AMMAN: Jordan’s cabinet on Monday approved major IMF-guided proposals that aim to double the income tax base, as a key part of reforms to boost the finances of a debt-burdened economy hit by regional conflict.
“When only 4 percent of Jordanians pay (personal) income tax, this may not be the right thing,” Finance Minister Omar Malhas said in remarks after the cabinet meeting, adding the goal was to push that to eight percent.

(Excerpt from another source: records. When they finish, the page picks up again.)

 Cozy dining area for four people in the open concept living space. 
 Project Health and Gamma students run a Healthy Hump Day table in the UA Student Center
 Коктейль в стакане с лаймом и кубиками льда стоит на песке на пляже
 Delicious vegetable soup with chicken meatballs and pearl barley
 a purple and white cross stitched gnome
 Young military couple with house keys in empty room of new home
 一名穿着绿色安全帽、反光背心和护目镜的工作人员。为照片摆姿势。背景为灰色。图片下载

The draft legislation was submitted to parliament.
The IMF’s three-year Extended Fund Facility program aims to generate more state revenue to gradually bring down public debt to 77 percent of GDP in 2021, from a record 95 percent.
A few months ago Jordan raised levies on hundreds of food and consumer items by unifying general sales tax (GST) to 16 percent — removing exemptions on many basic goods.

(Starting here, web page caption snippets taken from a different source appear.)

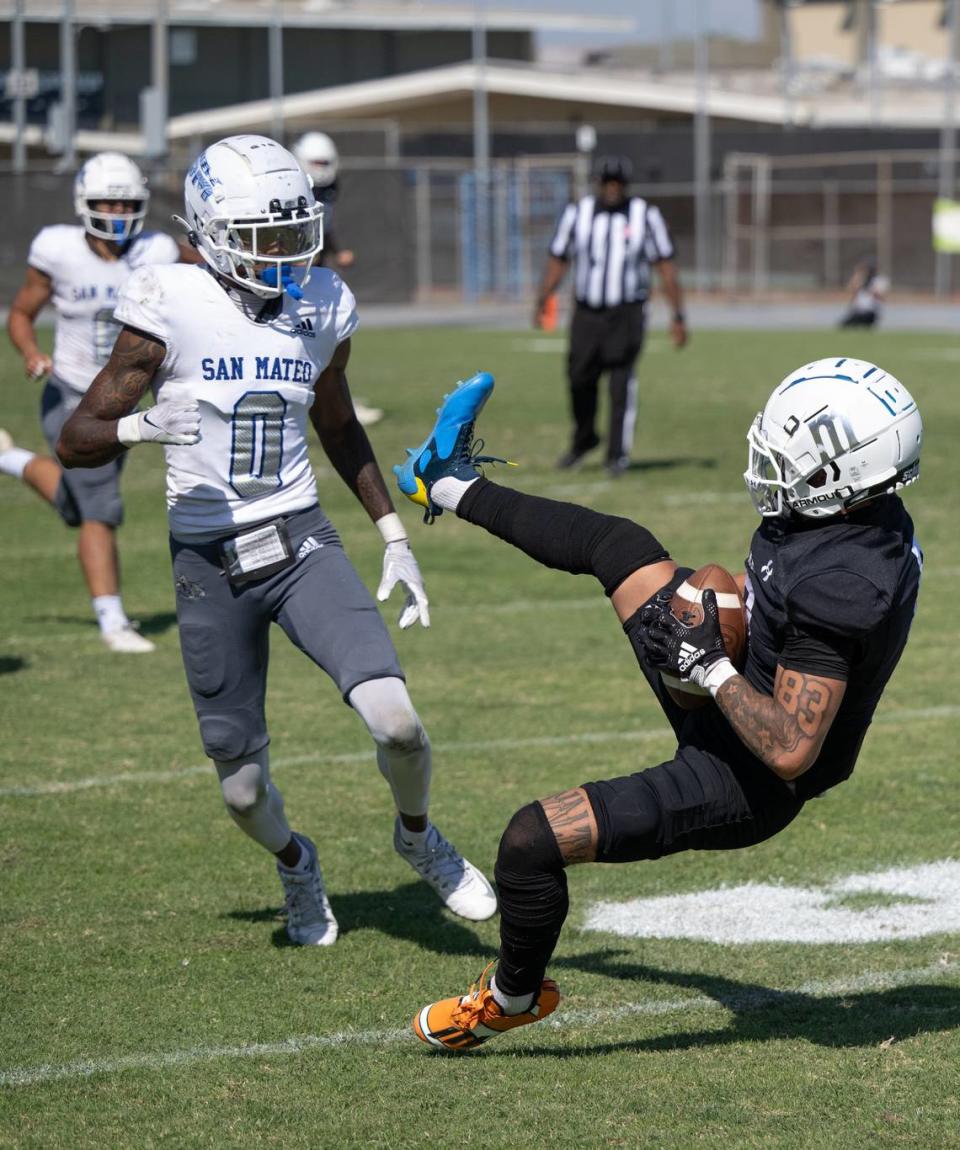 Modesto’s Bronson England falls backward while making a catch during the game with San Mateo at Modesto Junior College in Modesto, Calif., Saturday, Sept. 16, 2023.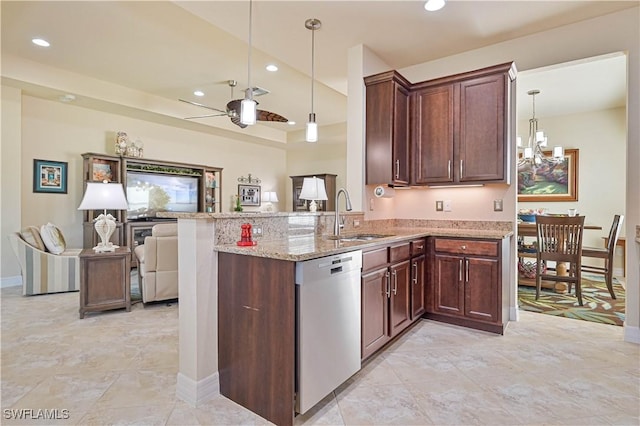 kitchen featuring stainless steel dishwasher, recessed lighting, a sink, and light stone countertops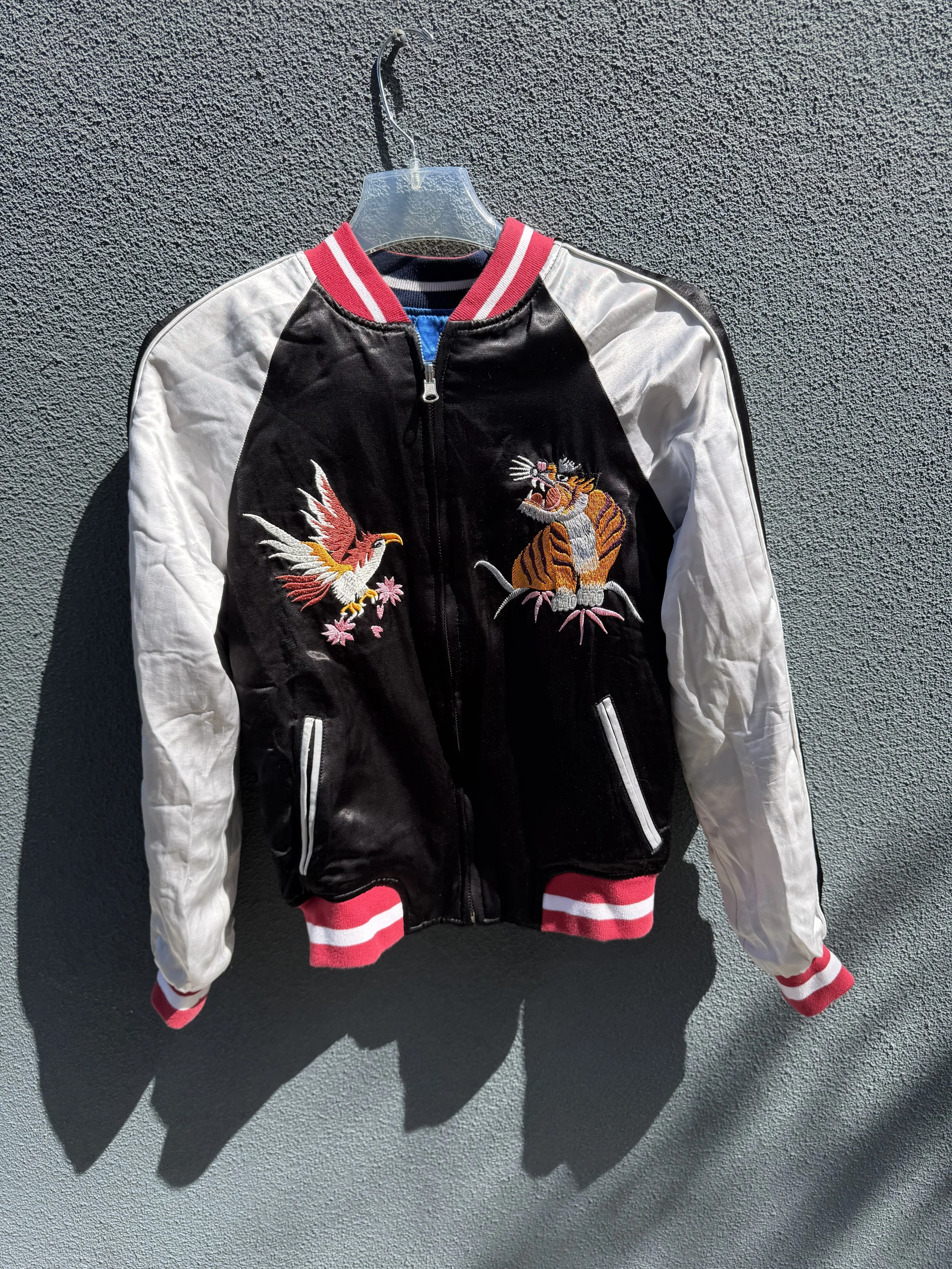 A black, white, and red varsity-style jacket hanging on a plastic hanger against a textured wall, featuring embroidered images of a bird and a tiger on the front.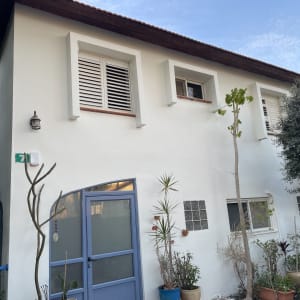 אדם עובד בגינה ליד בית עם חלונות תריסים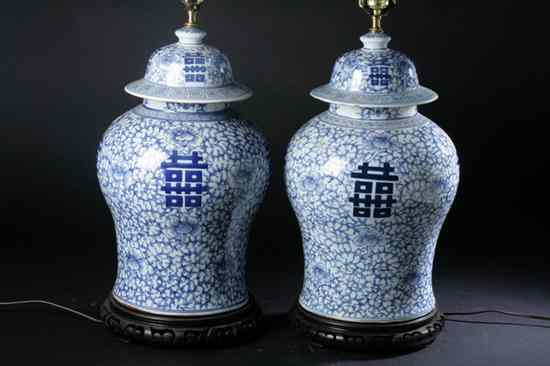 Appraisal: PAIR CHINESE BLUE AND WHITE PORCELAIN JARS AND COVERS Electrified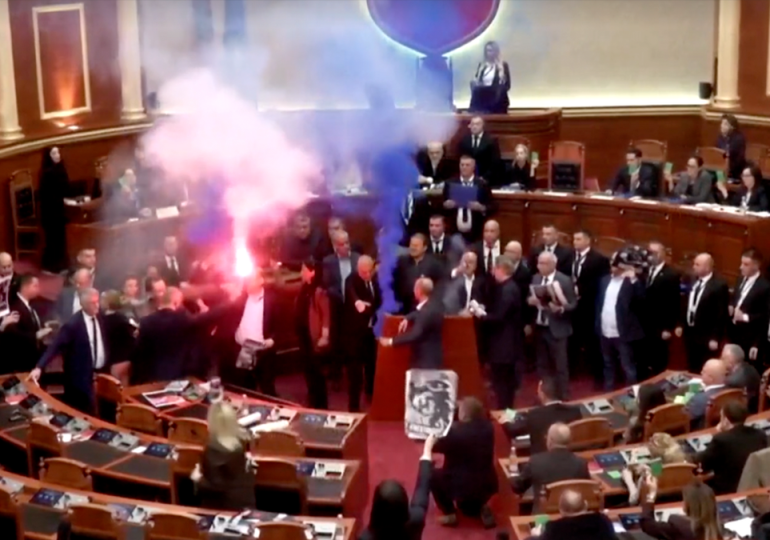 Albanian opposition lawmakers disrupt parliament with smoke flares and furious attacks on socialist PM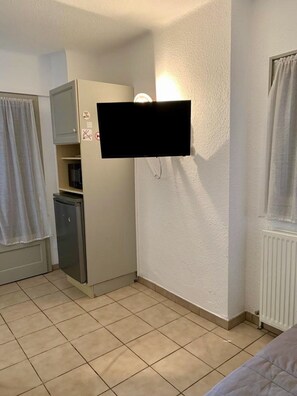 Une petite pièce équipée d’un téléviseur fixé au mur, d’un mini-réfrigérateur, d’un four à micro-ondes et d’un radiateur.
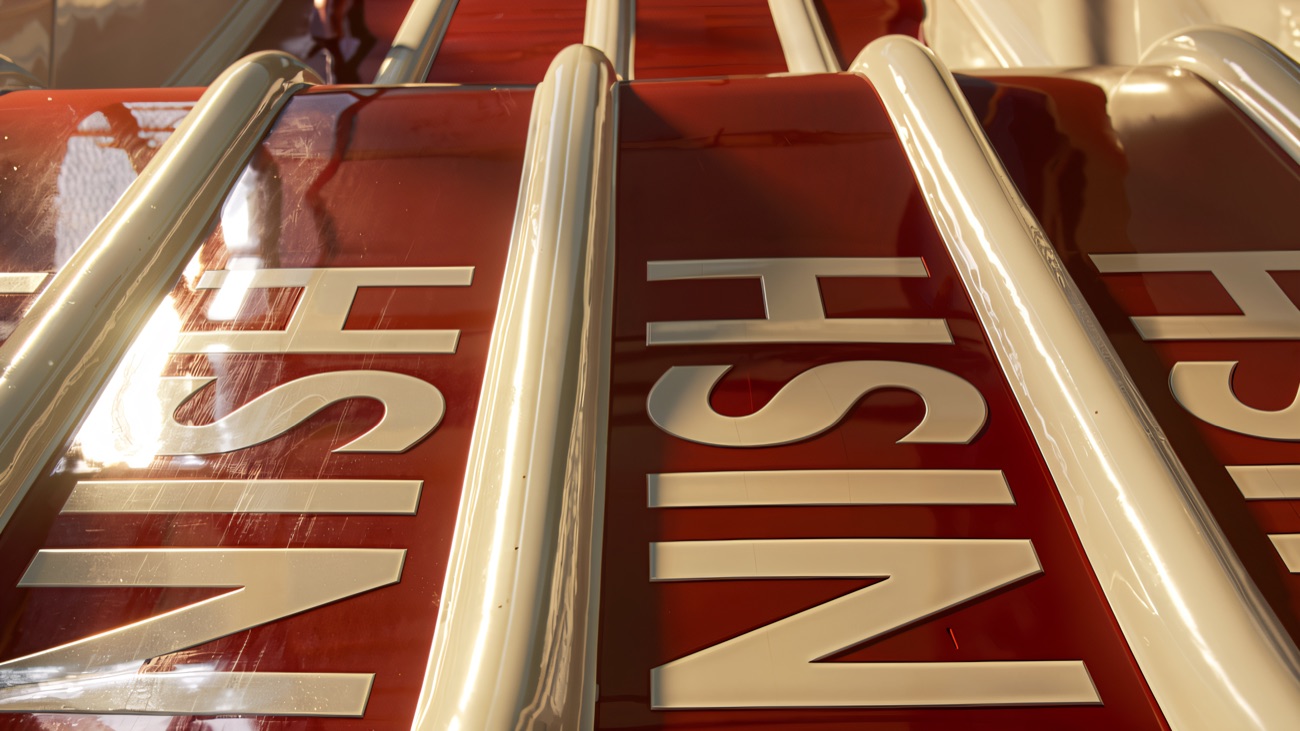 Looking up the red multi-lane wave slide with FINISH marked across the lanes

In January subsidies on bread were ended, doubling some prices in a country with rising unemployment and poverty among its eight million people.

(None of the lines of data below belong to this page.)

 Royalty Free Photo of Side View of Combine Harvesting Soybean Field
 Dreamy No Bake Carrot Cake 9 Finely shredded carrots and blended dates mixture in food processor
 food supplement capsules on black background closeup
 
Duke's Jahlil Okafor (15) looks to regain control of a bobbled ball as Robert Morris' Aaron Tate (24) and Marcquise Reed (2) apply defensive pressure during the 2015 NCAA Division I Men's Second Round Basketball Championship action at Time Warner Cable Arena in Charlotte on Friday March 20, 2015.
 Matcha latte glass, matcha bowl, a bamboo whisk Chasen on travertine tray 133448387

The income tax move and the GST reforms will bring an estimated 840 million dinars ($1.2 billion) in extra annual tax revenue that will help reduce chronic budget shortfalls normally covered by foreign aid, officials say.
Corporate income tax on banks, financial institutions and insurance companies will be pushed to 40 percent from 30 percent. Taxes on Jordan’s phosphate and potash mining industry will be raised to 30 percent from 24.
The government argues the reforms will reduce social disparities by progressively taxing high earners while leaving low-paid public sector employees largely untouched.
“This is a fair tax law not an unfair one,” said Malhas, who shrugged off criticism the law is lenient on many businesses connected to politicians whose transactions are not subject to tax scrutiny.
Husam Abu Ali, the head of the Income and Sales Tax Department, said a proposed IMF-recommended Financial Crime Investigations Unit will stiffen penalties for tax evaders. Critics say it will not tackle pervasive corruption in state institutions.
Abu Ali said the government could be losing hundreds of millions of dollars through tax evasion, which is as high as 80 percent in some companies.
The amendments lower the income tax threshold and raise tax rates. Unions said the government was caving in to IMF demands and squeezing more from the same taxpayers.
“It is penalizing a group that has long paid what it owes the state,” the unions syndicate said in a statement.
“It imposes injustice on employees whose salaries have barely coped with price hikes rising madly in recent years.”